Exercise details — Where the records below reach the line containing "In this video I'm", start transcribing, and end with the line containing "At the top of", exactly and with nothing else added.

Data records —
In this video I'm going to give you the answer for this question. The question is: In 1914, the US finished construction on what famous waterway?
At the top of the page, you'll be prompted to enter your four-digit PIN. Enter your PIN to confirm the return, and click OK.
* * *
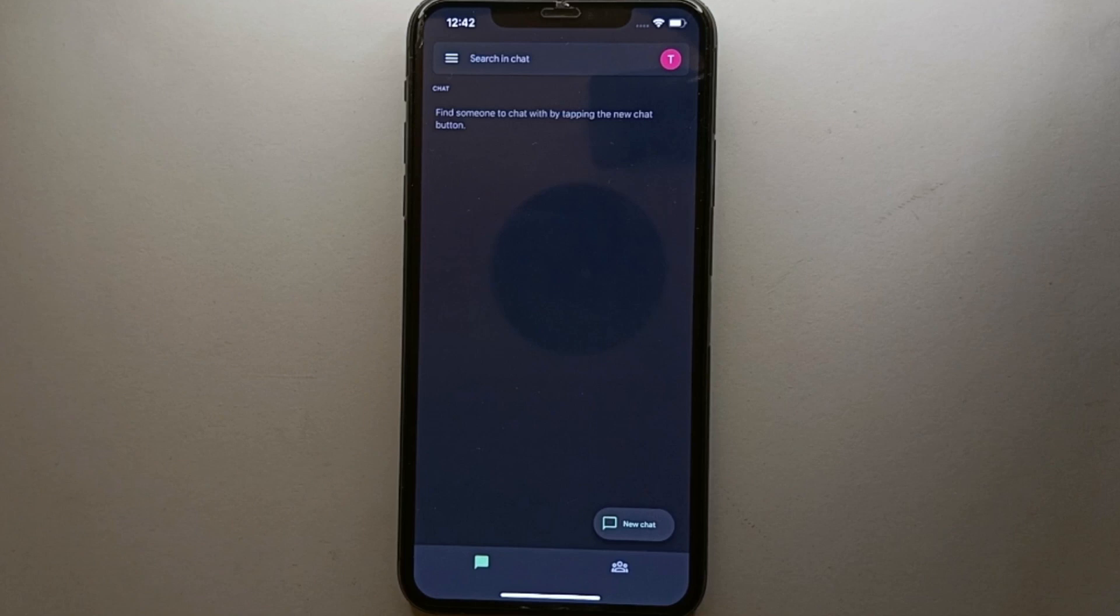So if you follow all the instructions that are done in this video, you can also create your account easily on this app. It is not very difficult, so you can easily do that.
...
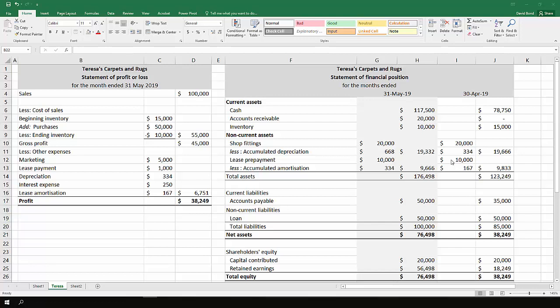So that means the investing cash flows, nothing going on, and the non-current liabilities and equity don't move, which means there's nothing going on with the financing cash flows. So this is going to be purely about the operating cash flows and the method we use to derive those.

Exercise solution —
In this video I'm going to give you the answer for this question. The question is: In 1914, the US finished construction on what famous waterway?
At the top of the page, you'll be prompted to enter your four-digit PIN. Enter your PIN to confirm the return, and click OK.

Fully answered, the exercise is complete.